Title: The Goblin Emperor
Author: Katherine Addison
Publisher: Tor Books, 2014
Every once in a while, a fantasy novel comes around that doesn’t follow the trends that one almost comes to expect of the genre. If you’re the type who’s looking for sword and sorcery, flaming dragons and epic quests involving objects of power, this is not your novel. If, however, you’re looking for a slow-moving, gradually unfolding tale about an uncomplicated young man who finds himself quite suddenly thrust into the predicament of becoming an emperor, Maia’s story might just well be what you’re looking for.
Maia is the unwanted result of the marriage between the the Goblin princess Chenelo and the emperor of the Elflands. What was supposed to be a political marriage was never intended to produce an heir, let alone a halfbreed, and Maia has spent most of his childhood growing up in an isolate estate with only a relative to care for him (and not very well at that). When the emperor and his heirs die in freak airship accident, Maia is thrust from anonymity onto the emperor’s throne, as he is eldest heir.
Court politics, as he soon discovers, can be deadly, and not everyone is pleased that a half-Goblin is seated on the throne. What also counts against him is his complete naïveté when it comes to intrigue and yet, this very same weakness also proves to be his greatest strength while he establishes his rule. What is clear from the outset is that Maia is a good person. His honesty, his almost-painful lack of guile, elicited a need for me to see him succeed in the snake pit of the imperial court.

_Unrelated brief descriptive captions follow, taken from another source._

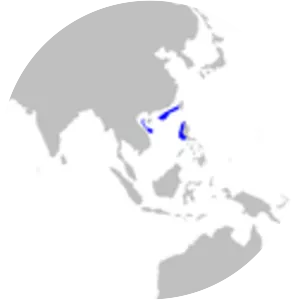 Barbelthroat carpetshark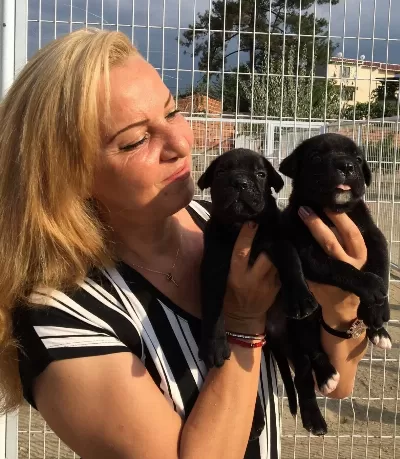 Alan Koruması Yuksek Muhteşem Cane Corso Yavrularımız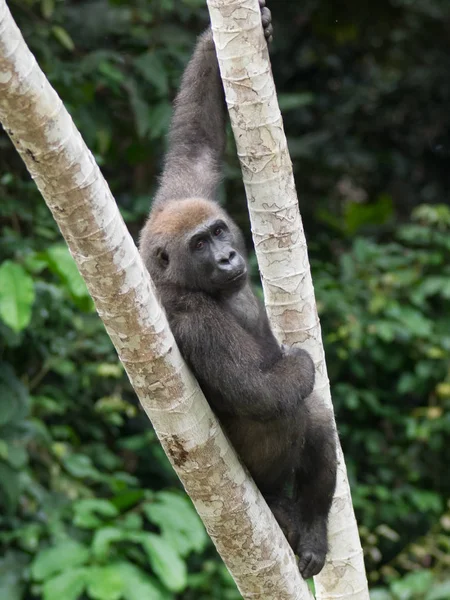 Gorilla Gabon Endangered Eastern Gorilla Beauty African Jungle Gorilla Gorilla — Stock Photo, Image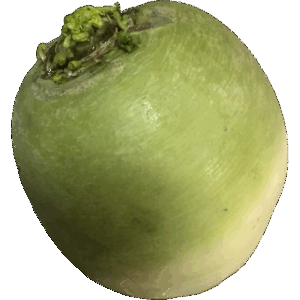 紅芯大根 中が赤い色の大根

There are moments when his social ineptitude made me cringe, but by equal measure watching him grow into his role was ultimately rewarding, even if most of the action – this is partly a murder mystery – takes place offscreen, so to speak. Such action, as it occurs, is brief, and focus is rather placed on the subtle, interpersonal relations between the characters.
This is not a fast-moving novel by any measure. Katherine Addison’s prose is detailed and textured, and at times the array of names for people and places is bewildering (and possibly intentionally so, to create a sense of disorientation that Maia might feel at his situation). Yet the story is compelling, down to the last chapter, to be savoured for the rich world building and the slow weave of power play. The Goblin Emperor’s awarding of the 2015 Locus Award for “Best Fantasy Novel” is well deserved.